La narrativa de Finnegan parece sacada de un cuento de hadas: el “bueno” Obama tiene las mejores intenciones y trata de hacer lo correcto, pero los “malvados” Republicanos se valen de sucias triquiñuelas para secuestrar la política de la administración y obligarlos a aceptar las elecciones en Honduras. Si no fuese por los Republicanos -pareciera decirnos Finnegan- la administración Obama hubiese hecho lo correcto.

En primer lugar, debo decir que comparto la crítica de Finnegan al senador DeMint y otros Republicanos, cuyo comportamiento después del golpe -bloqueando los nombramientos de Shannon y Valenzuela- fue partidista, infantil y contraproducente.

Lo que sí no comparto es su interpretación de la crisis, que busca reducir una compleja realidad a una simplista narrativa que parece sacada de un libro de Galeano. (Recomiendo leer el artículo entero para comprender mejor mi punto).

Primero que nada, la administración Obama nunca cerró completamente las puertas a una posible aceptación de las elecciones en Honduras. Esto es algo que casi nadie pareciera recordar, pero es así. El comunicado del Departamento de Estado en el que por primera vez asomaron la posibilidad de no aceptar los comicios fue muy ambiguo. Yo mismo lo señalé el día que lo publicaron y recuerdo claramente que, en una de esas conferencias de prensa telefónicas con la Casa Blanca, el asesor de Obama, Dan Restrepo, hizo lo imposible por preservar la ambiguedad del comunicado. Cuando una colega le preguntó varias veces si Estados Unidos podría, bajo determinadas circunstancias, aceptar el resultado de las elecciones, él fue esquivo y básicamente leyó lo que decía el comunicado, claramente para no cerrar puertas a esa posibilidad.

Critiqué entonces la estrategia del equipo de Obama. Dije que esta lograda ambiguedad del mensaje se iba a perder en los titulares (como efectivamente ocurrió), y que, asomando la posibilidad de no aceptar lo comicios, a Estados Unidos se le haría difícil aceptarlos si Micheletti no cedía (como también ocurrió). En todo caso, el error de Obama no fue un brusco cambio de opinión, sino pensar que podía hacer dos cosas al mismo tiempo: presionar a Micheletti sugiriendo que podría no aceptar los comicios; y no ser criticado por aceptar las elecciones si no se lograba restituir a Zelaya.

Como especula Finnegan, es probable que Clinton haya pactado con DeMint.
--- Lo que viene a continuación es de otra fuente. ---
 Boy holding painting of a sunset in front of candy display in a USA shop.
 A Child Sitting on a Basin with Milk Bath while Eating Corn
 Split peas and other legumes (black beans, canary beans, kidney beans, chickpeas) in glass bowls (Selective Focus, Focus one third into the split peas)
Pero esto no quiere decir que, sin la presión de DeMint, Estados Unidos no hubiese avalado las elecciones. Mi impresión es que esa fue siempre la intención si no se lograba restituir a Zelaya. Es decir: probablemente fue Clinton la que manipuló a DeMint (negociando un punto en el que ella de todos modos iba a ceder).
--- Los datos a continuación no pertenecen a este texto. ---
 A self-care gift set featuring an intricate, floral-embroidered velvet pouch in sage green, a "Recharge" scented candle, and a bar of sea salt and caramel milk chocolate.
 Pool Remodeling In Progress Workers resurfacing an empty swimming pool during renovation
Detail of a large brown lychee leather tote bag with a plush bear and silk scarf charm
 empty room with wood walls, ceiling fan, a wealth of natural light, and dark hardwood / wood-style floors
En segundo lugar, Finnegan no acepta que uno puede al mismo tiempo rechazar el golpe de Estado y pensar que las elecciones son una salida -no necesariamente la mejor- al impasse en Honduras. Decir que aceptar el resultado de los comicios es ratificar el golpe es incurrir en el tipo de lógica binaria que caracteriza no a una revista del calibre de The New Yorker, sino a George W. Bush. No voy a esgrimir los argumentos a favor de la aceptación de los comicios, porque ya los abordé en otro artículo. Pero me gustaría añadir un punto. Muchos líderes e intelectuales con impecables credenciales democráticas -entre ellos dos premios Nobel de la Paz- piensan que es ridículo no avalar las elecciones. ¿Es justo decir que todos ellos ratifican el golpe?